Workers in California and around the country are protected from sexual harassment in the workplace by Title VII of the 1964 Civil Rights Act, and the courts have recognized various types of this kind of harassment. Quid-pro-quo- sexual harassment takes place when workers are required to have sex or enter into romantic relationships with their supervisors in order to keep their jobs or secure some sort of benefit such as a promotion or raise. Sexual harassment also occurs when offensive behavior is tolerated and workplaces become hostile environments, and discriminatory hiring and promotion practices also violate Title VII.
A case involving female farm workers provides clear examples of all of these kinds of workplace sexual harassment. The attorney general of Washington state alleged in a federal complaint filed on April 26 that the women were coerced into having sex with their supervisor and routinely groped while going about their duties. The complaint also claims that the employer involved most likely knew about the ongoing sexual harassment and failed to put a stop to it.

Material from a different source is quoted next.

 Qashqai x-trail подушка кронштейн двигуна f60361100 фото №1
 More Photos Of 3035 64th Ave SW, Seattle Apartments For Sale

The farm is also accused of discriminating against women during the hiring process by assigning them to work duties based purely on their gender, and the company is alleged to have retaliated against workers who complained about the harassment. Employers may best protect themselves from this kind of litigation by taking these complaints seriously and responding appropriately.
The victims of sexual harassment are sometimes reluctant to take action, and attorneys with experience in this area may help them to make more informed decisions by explaining the factors that courts take into consideration when weighing these claims. Courts will generally consider how long the unlawful behavior has been going on, how severe it is and how it interferes with work performance.